17 Feb 12

Sam Langley and the Wright Brothers

Scholar, visionary, and Smithsonian insider, Sam P Langley, whose distinguished academic career had spanned many decades, became interested in manned flight about the same time as the Wright Brothers.

Langley, then in his sixties, experimented with miniature steam-engines to power his aircraft, later defaulting, as the Wright Brothers had, to then-new internal-combustion technology. His pioneering work caught the attention of the US Army, who, in 1898, issued a $50,000 (a fortune in those days) grant to Langley to produce a working, powered aircraft, with a human pilot. The Smithsonian dutifully acquiesced with an additional $20,000.

The Army’s interest was in a durable and flexible battlefield observation platform. Until the advent of Isaac Lewis’ Light Machine Gun in 1909, few would imagine manned, powered aircraft as offensive weapons.

Engineer/designer Charles Manly, who had worked with Langley on the project, volunteered to be the world’s first “test pilot.” And, in 1903, Manley “took off” in Langley’s craft, dubbed the “Aerodrome” (loosely translated from Greek, “Air Runner”). Langley’s demonstration took place just two weeks prior to the Wright Brothers’ first successful flight at Kitty Hawk, NC

The Aerodrome had no landing gear and was actually launched via a catapult, sitting atop a houseboat on the Potomac River. The plan was to “land” on water.

However, the Aerodrome unceremoniously crashed on takeoff, plunging, head-first into the water, “like a handful of mortar,” according to local newspapers. A hasty second attempt similarly ended in failure, this time destroying the Aerodrome completely. Manley emerged both times with only superficial injuries, but the press, as expected, made great mockery of the brave experiment, and several members of Congress expressed outrage that federal funds had been so frivolously expended.

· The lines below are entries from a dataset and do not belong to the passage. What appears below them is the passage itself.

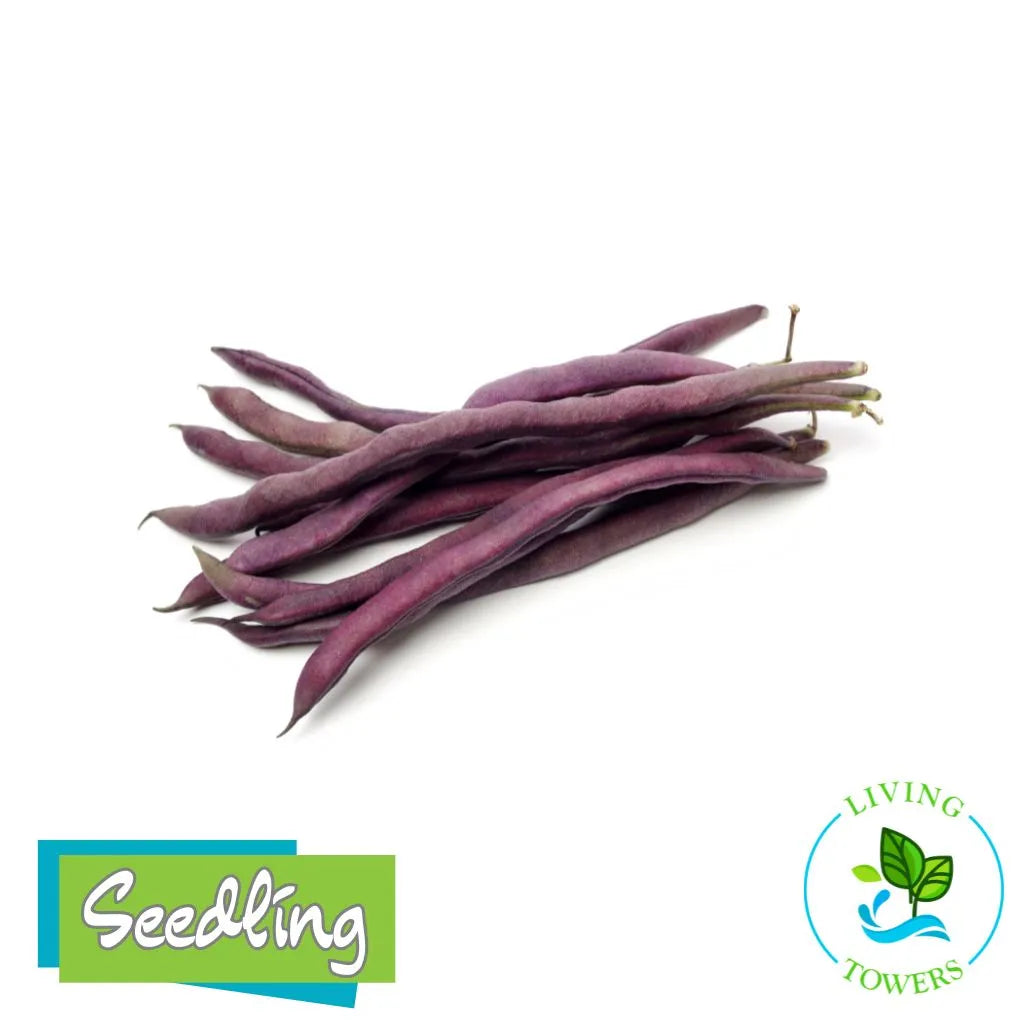 Vegetables - Beans, Amethyst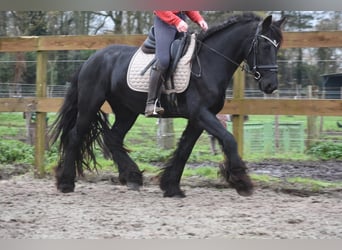 Friesian horses, Mare, 4 years, 15,2 hh, Black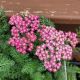 ACHILLEA MILLY ROCK ROSE QT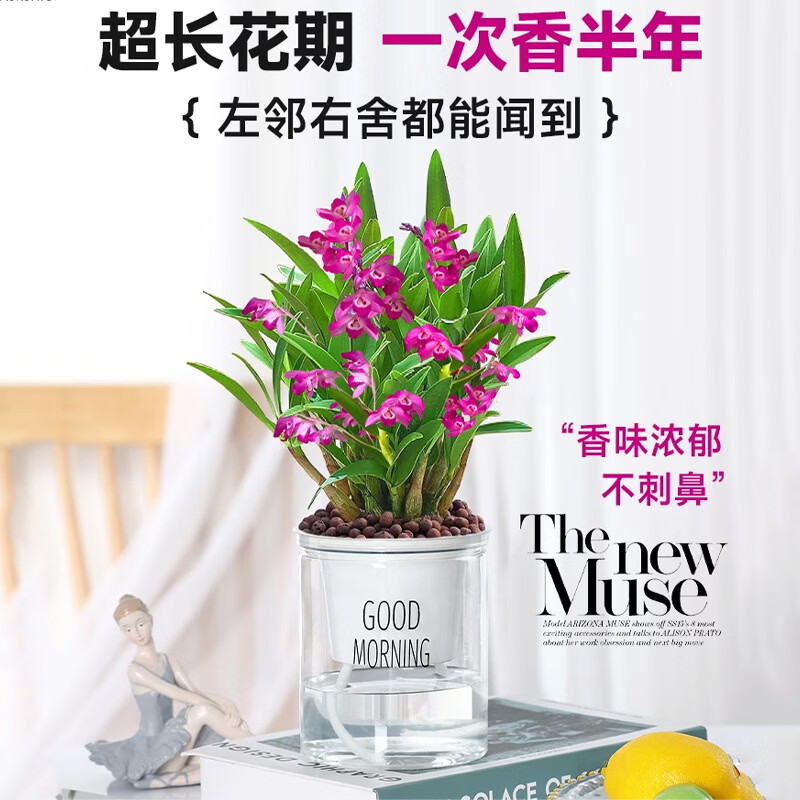 澳洲香水石斛兰盆栽带花苞水培植物石胡蘭苗花卉植物室内绿植好养 【10苗】石斛兰（送懒人杯）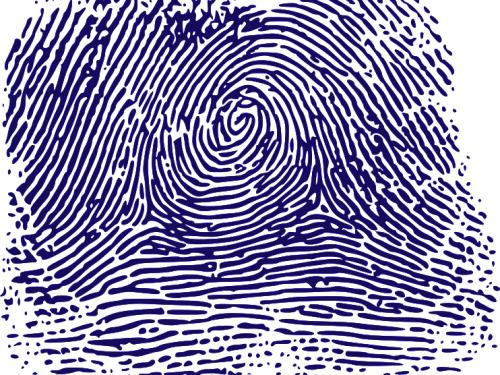 Fingerprint image, courtesy of WikiMedia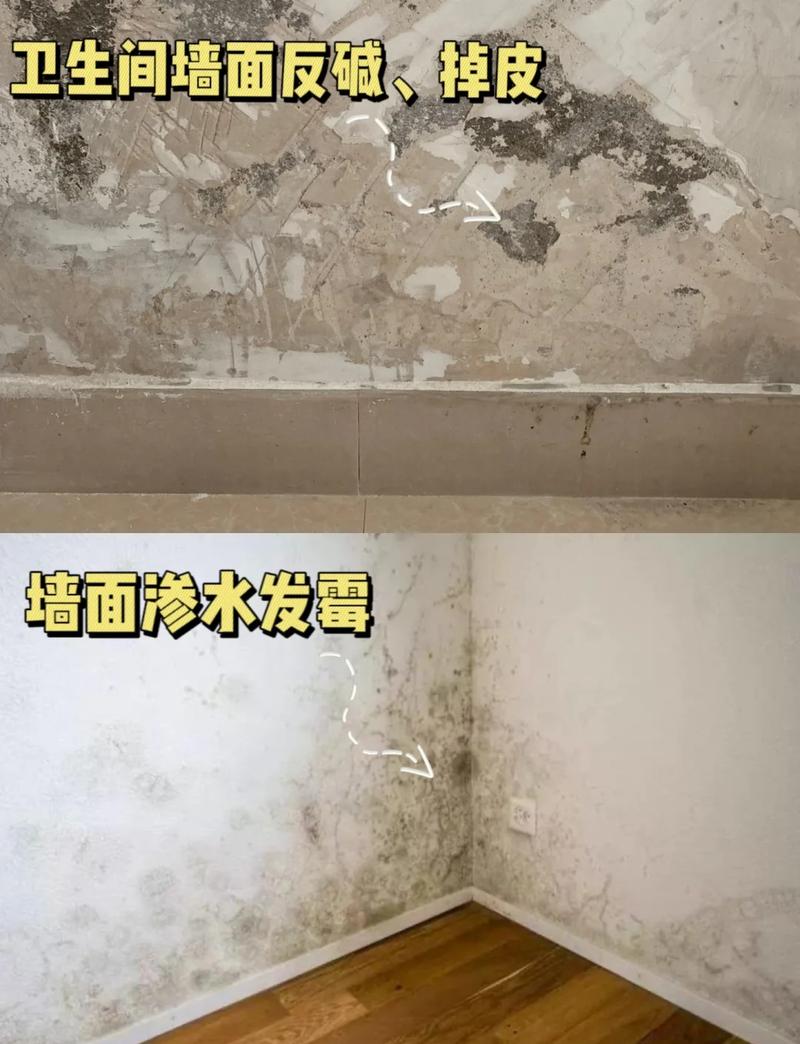 卫生间墙角墙面渗水发霉湿气来源图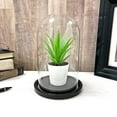 thumbnail image 3 of Plymor 4" x 7" Glass Display Dome Cloche (Black Acrylic Base), 3 of 4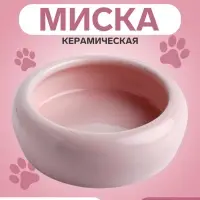 Миска, 100 мл, 10&times;3.2 см, керамика, нежно-розовая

In any event, Langley’s experiment was at an ignominious end. Langley himself died barely more than two years later. A decade after his death, Langley’s experiment would generate a bitter feud between the Smithsonian and surviving Wright Brother, Orville.

The real disaster, however, was the Army’s embarrassment and disappointment over this failed project. The result was a nearly complete loss of interest on the part of the Army’s high command in powered, manned aircraft for the next decade, putting the US in a technologically retarded position at the beginning of WWI. Both the British and Germans were far ahead. The US, once again, had to play catch-up!

“You can be bold and risk defeat, or be passive and assure it!”

Poker Players’ Axiom

“Everyone wants “progress,” but no one wants anything to change!”